Обсуждение: BUG #9741: Mininal case for the BUG #9735: Error: "ERROR: tuple offset out of range: 0" during bitmap scan

Поиск
Список
Период
Сортировка

BUG #9741: Mininal case for the BUG #9735: Error: "ERROR: tuple offset out of range: 0" during bitmap scan

От
maxim.boguk@gmail.com
Дата:
The following bug has been logged on the website:

Bug reference:      9741
Logged by:          Maxim Boguk
Email address:      maxim.boguk@gmail.com
PostgreSQL version: 9.3.3
Operating system:   Linux (Ubuntu)
Description:

Hi,

How situation with the BUG #9735 become even more curious.

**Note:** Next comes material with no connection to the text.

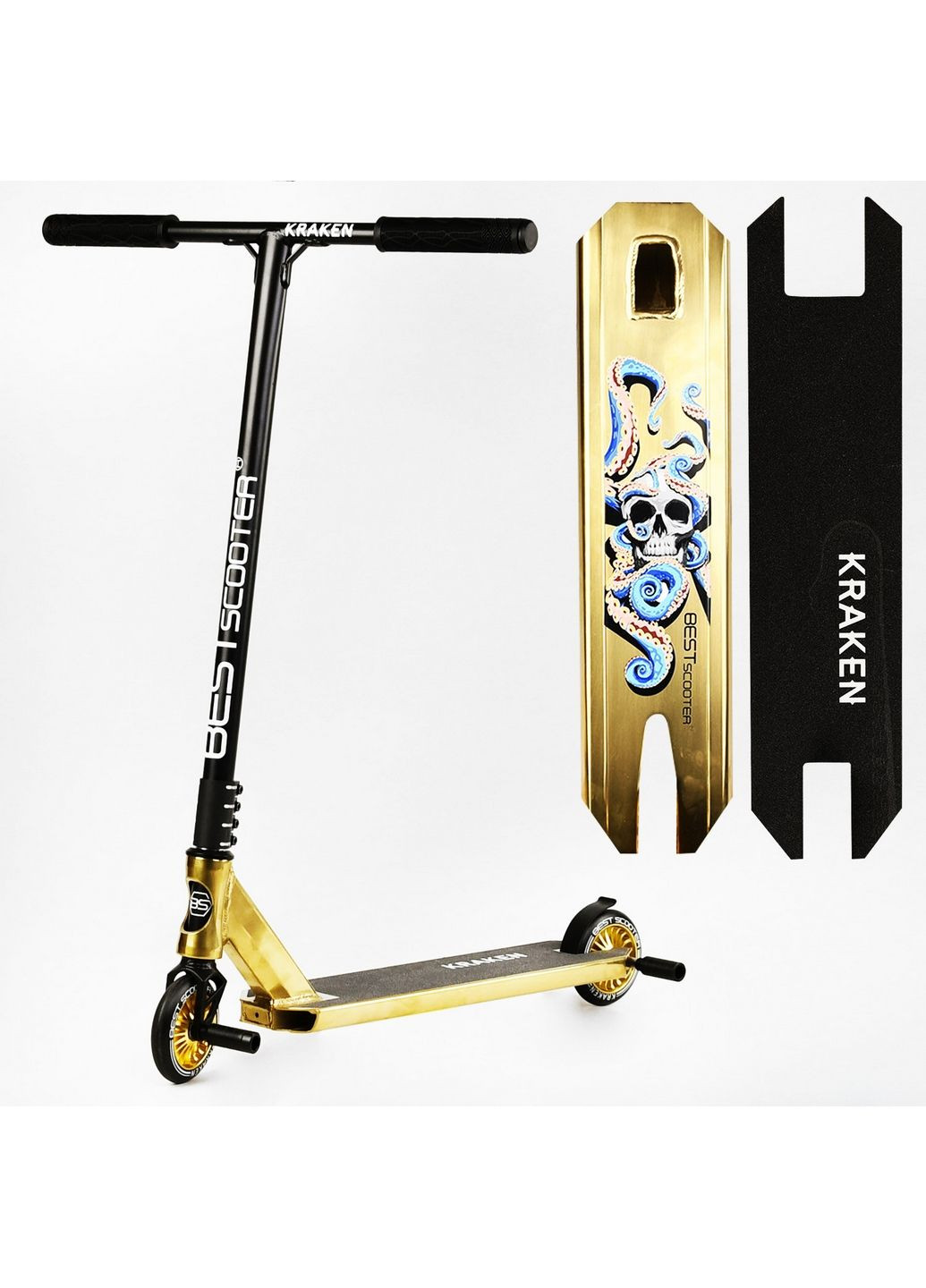 Самокат трюковий "Kraken" HIC-система, пеги, алюмінієвий диск та дека. 58х87 см Best Scooter (289367598)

One query successfully executing on master db but doesn't work on both
streaming replicas.
After much digging I located problem and produced it in pretty simple way:

gate_platbox=# set enable_indexscan to 0;
SET
(force bitmap scan)
gate_platbox=# explain analyze select * from transactions where
id=53265020;
ERROR:  tuple offset out of range: 0

This tuple had been frozen not that long time ago:

gate_platbox=# select id,xmin,xmax,cmin,cmax,ctid from transactions where
id=53265020;
    id    | xmin | xmax | cmin | cmax |    ctid
----------+------+------+------+------+-------------
 53265020 |    2 |    0 |    1 |    1 | (2413168,1)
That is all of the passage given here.